Gabrielle Crawford updated TRINIDAD-1678:
-----------------------------------------

    Resolution: Fixed
        Status: Resolved  (was: Patch Available)

> TrNumberFormat.prototype.numberToString doesn't account for numbers represented via scientific notation
> -------------------------------------------------------------------------------------------------------
>
>                 Key: TRINIDAD-1678
>                 URL: https://issues.apache.org/jira/browse/TRINIDAD-1678
>             Project: MyFaces Trinidad
>          Issue Type: Bug
>          Components: Components
>    Affects Versions:  1.2.12-core
>            Reporter: Cale Scholl
>            Priority: Minor
>         Attachments: scientificNotation_1.2.12.2.patch, scientificNotation_trunk.patch
>
>
> ISSUE:
> ----------
> Say we have a 22-digit number string "7777777777777777777777". When this is converted to object it becomes 7.777777777777777e+21. This confuses TrNumberFormat.prototype.numberToString, as the poor guy thinks he's dealing with a fractional number, when really it's a big ass integer. 
> FIX:
> -----
> The solution is, when converting from object to string, we first convert the string from scientific notation to standard expanded notation before applying any other formatting. See TrNumberFormat.scientificToExpanded.

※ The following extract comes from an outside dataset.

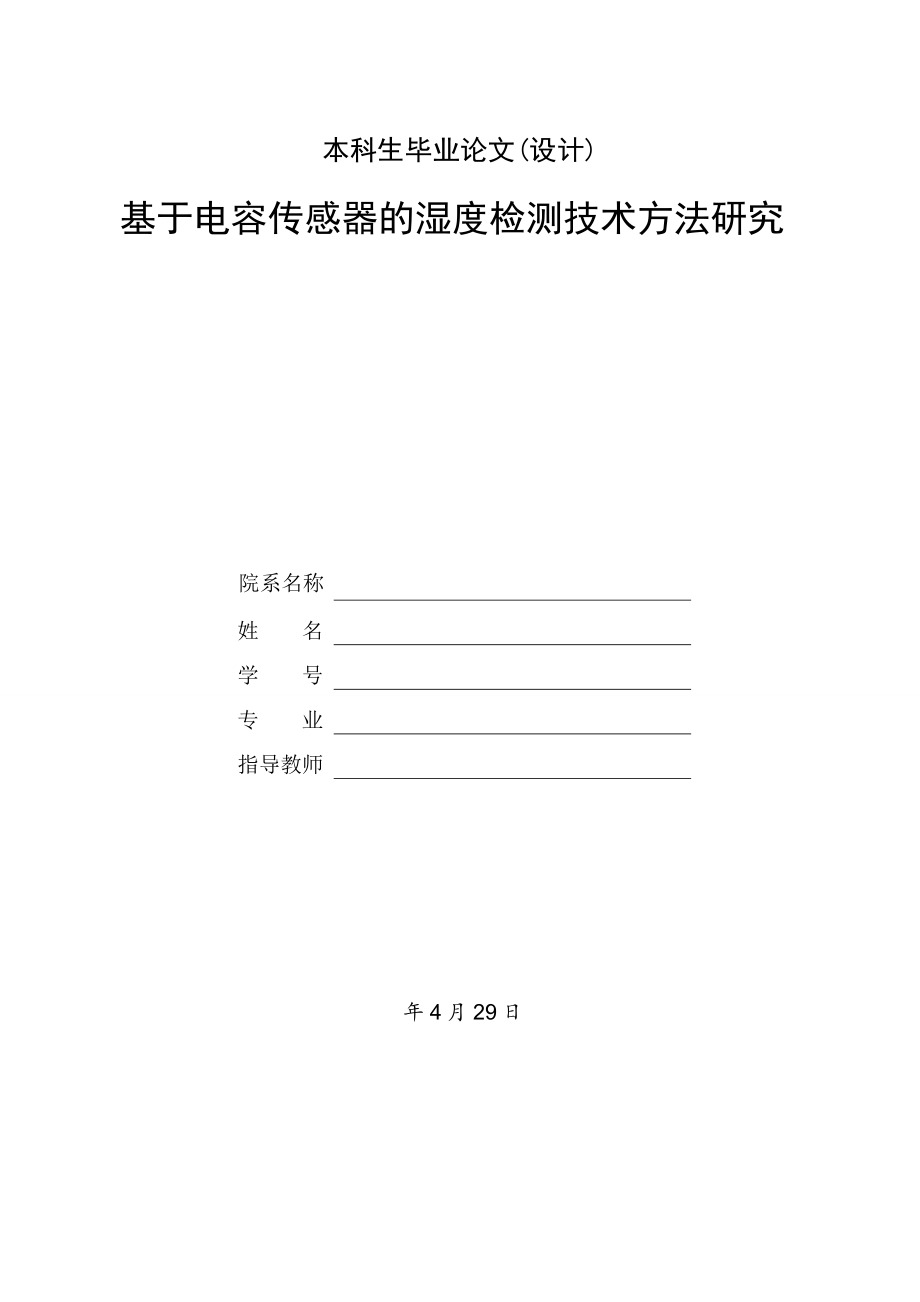 河南理工大学万方科技学院本科生毕业论文.doc_第1页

> Note that I also added a utility method TrNumberFormat.trimLeadingZeroes. This is preferable to the previous hack -- parseInt(parseFloat(numberString)) -- because parseInt fails to correctly parse numbers represented via scientific notation (e.g. 7.777e+21 becomes 7).
> TESTS:
> ----------
> Tested using the following:
> <af:inputText label="default" id="it1">
>   <af:convertNumber maxFractionDigits="40"/>
> </af:inputText>
> Results:
> (1) "7777777777777777777777" -> 7.777777777777777e+21 -> "7,777,777,777,777,777,000,000"
> (2) "0.00000000000000000000123456" -> 1.23456e-21 -> "0.00000000000000000000123456"
> (3) "1234.567890123456789012" -> 1234.567890123457 -> "1,234.567890123457"
> When would this fix possibly be useful? See case (2) above. That's the only case where scientific notation is used AND we don't lose any precision.